On pourrait balayer No Pain No Gain d’un revers de main, lui reprocher ses dix métros de retard. Déguisé en roublard postmoderne, Bay s’en prend effectivement au rêve américain avec un ricanement marqué 90’s. Toutes les pièces sont réunies pour égratigner ses frimeurs boursouflés façon Coen Bros : l’affaire du Sun Gym, éclatée en 1995, rassemble un beau panel de bras cassés, lancés dans une suite de rapts sanguinolents.
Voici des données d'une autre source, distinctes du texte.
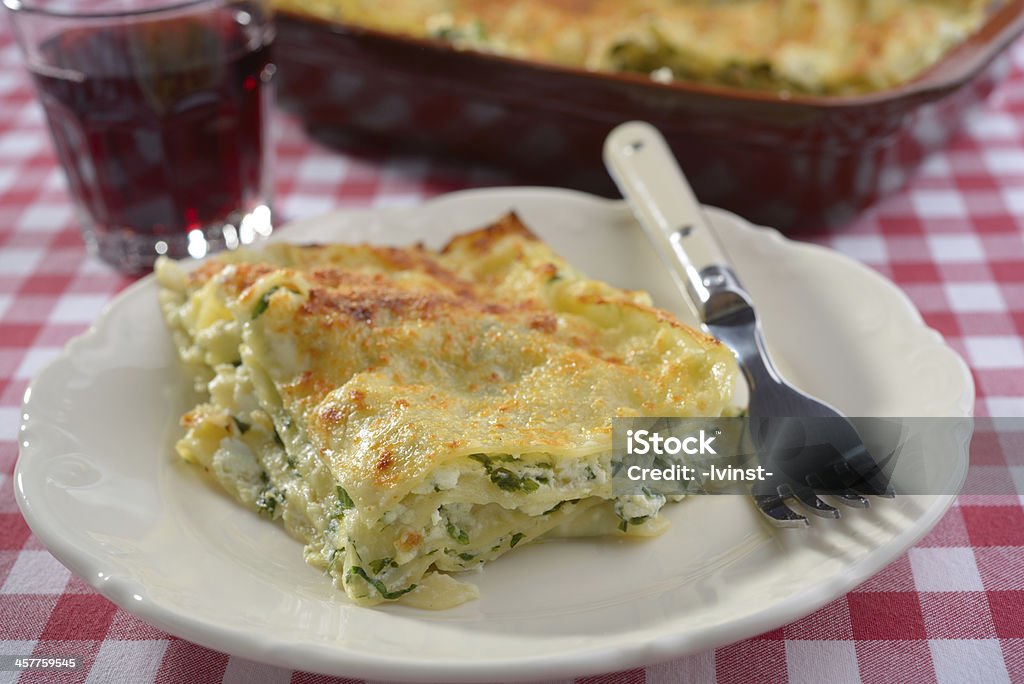 Lasagna with ricotta and spinach on a table Lasagna Stock Photo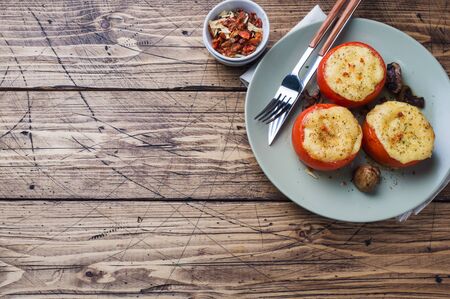 Baked whole tomatoes stuffed with mushrooms and cheese with seasonings on a wooden background Copy space.の写真素材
Ironiquement, Bay fabrique une Floride quasi muséale, zoologique, noyée dans les chatoiements bling-bling et les fessiers sous Lycra. Tout est donc rétro dans le film : le décor, mais aussi la charge, braquée sur l’idéologie balnéaire de Miami ou de Venice Beach – on connaît la chanson.
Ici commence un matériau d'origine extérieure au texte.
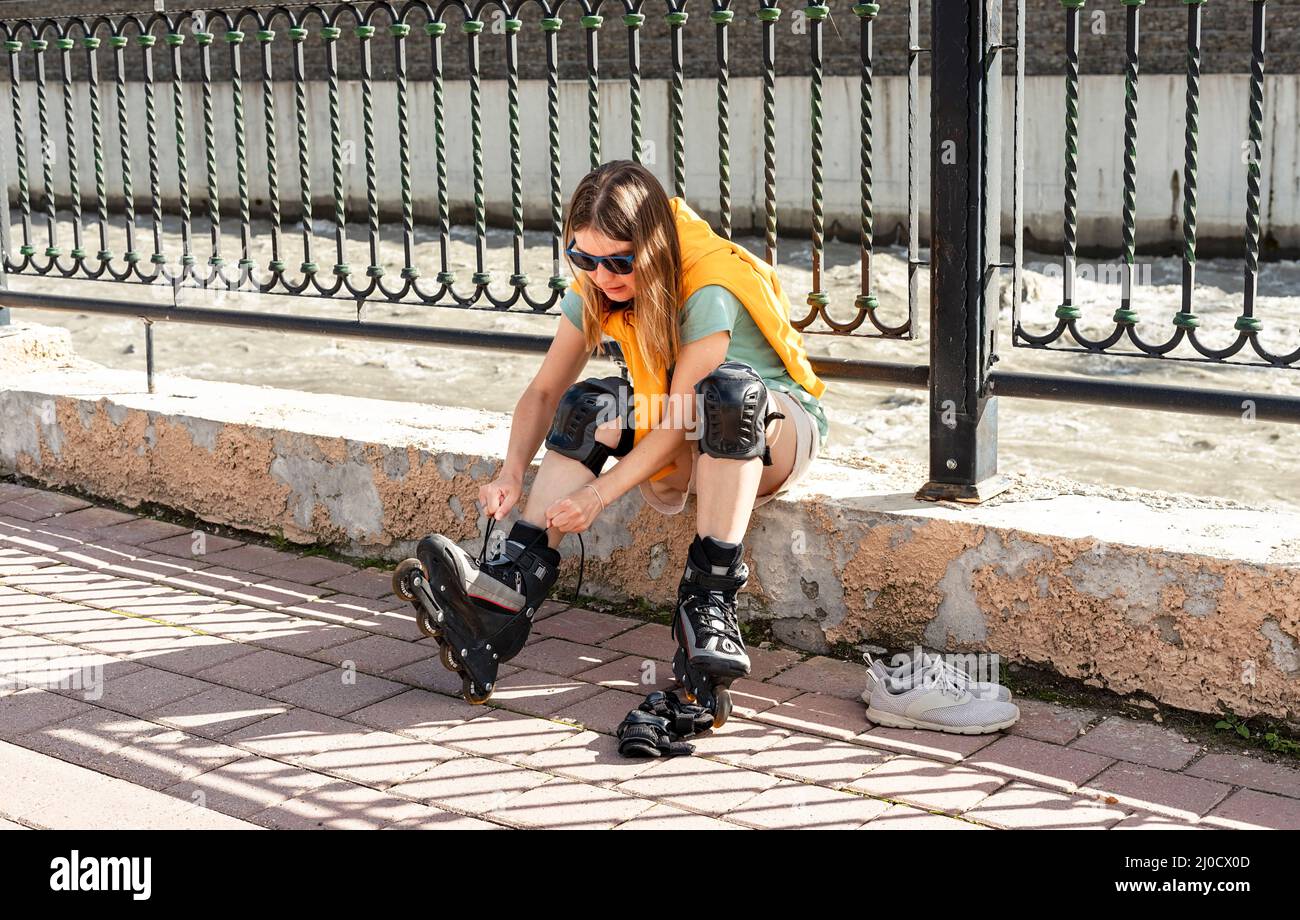 Junge Frau im gelben Hoodie, die Schutzausrüstung anlegt, bevor sie am Ufer Rollschuhlaufen kann aktiver Lebensstil, Outdoor-Aktivitäten, Rollschuhlaufen Stockfoto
Mais le tout petit génie du film tient au fait que Bay use de son propre style pour dynamiter ce beau monde. Généreux en matraquage criard, le roitelet ne peut s’empêcher de transposer ici la formule de ses blockbusters. À savoir : une forme de lissage automatique appliqué aux portraits, aux lieux, au rire, tous coulés dans le même moule et jetés dans un montage sous taurine. De quoi suffire à bâtir, malgré lui, une installation sur la beauferie de fin de siècle ? Pas tout à fait, mais presque : lancé en pilote automatique, No Pain No Gain reprend sans le vouloir le flambeau de Spring Breakers. Déjà, chez Korine, la connerie tournait en boucle, la satire renonçait à se distancer. Au contraire, elle épousait la forme de sa cible (la décadence à la MTV Beach Party). Fasciné par ces forêts de maillots mouillés, le film se lovait dans le vide, marabouté par la bêtise tout comme l’étaient ses héroïnes. À son échelle de bourrin à gros sabots, et le talent en moins, Bay fait la même chose. Ignorant le bon goût, il filme tout en garnement putassier, subitement converti au rap East Coast. On imagine la grossièreté produite (cartons goguenards vantant la « true story », gags douteux sur les nains, american dream frontalement épinglé au générique). Cette grossièreté pique les yeux, certes. Mais elle rend tout son sens, et toute sa noirceur, à l’histoire du Sun Gym.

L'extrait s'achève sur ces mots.